This directory contains the evaluation dataset for DSTC9 Track 1.
DSTC9 Track 1 evaluation data includes the following three subsets:
- Subset #1: the test partition of the augmented MultiWOZ 2.1 collected by the same methods as the training/validation datasets.
- Subset #2: multi-domain human-human written conversations about touristic information for San Francisco.
- Subset #3: multi-domain human-human spoken conversations (with manual transcriptions) about touristic information for San Francisco.
We are releasing the following data and resources:
- logs.json: the test instances listed in a random order with no identifier of what subset each instance belongs to.
- labels.json: the ground-truth labels/responses for the test instances
- knowledge.json: the knowledge candidates for all three subsets including 12,039 snippets for five domains and 668 entities in total, which is a super set of the knowledge.json for the training/validation set.
- db.json: the domain DB entries for the Subset #2 and #3.
All the json formats are the same as the training/validation resources.

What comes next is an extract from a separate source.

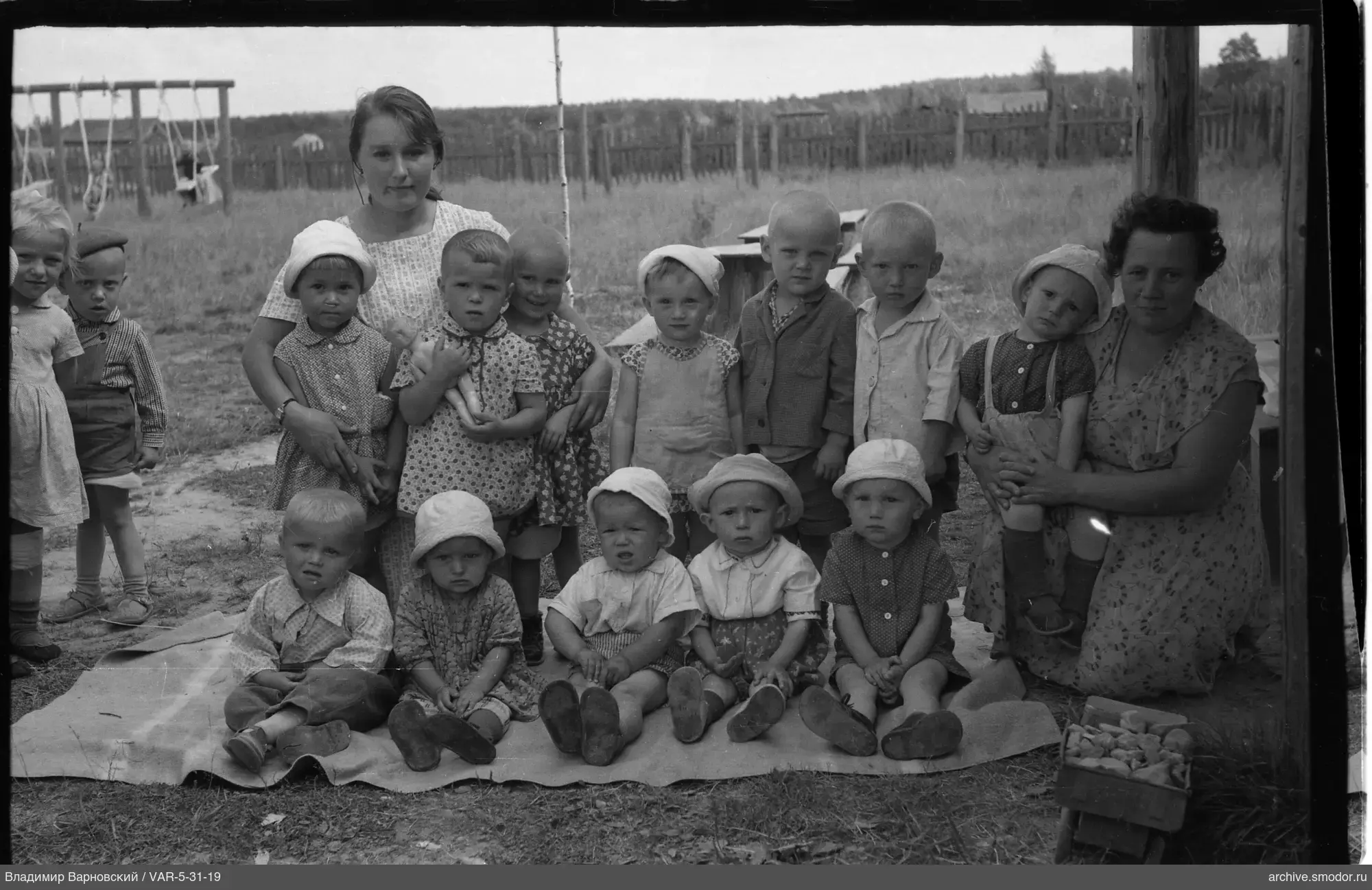 Group portrait of children and women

Each participating team will submit up to 5 system outputs for the test instances in logs.json.
The system outputs must follow the same format as labels.json for the training/validation sets. Before making your submission, please double check if every file is valid with no error from the following script:
$ python scripts/check_results.py --dataset test --dataroot data_eval/ --outfile [YOUR_SYSTEM_OUTPUT_FILE]
Found no errors, output file is valid
Any invalid submission will be excluded from the official evaluation.
Once you're ready, please make your submission by completing the Submission Form by 11:59PM UTC-12 (anywhere on Earth), September 28, 2020.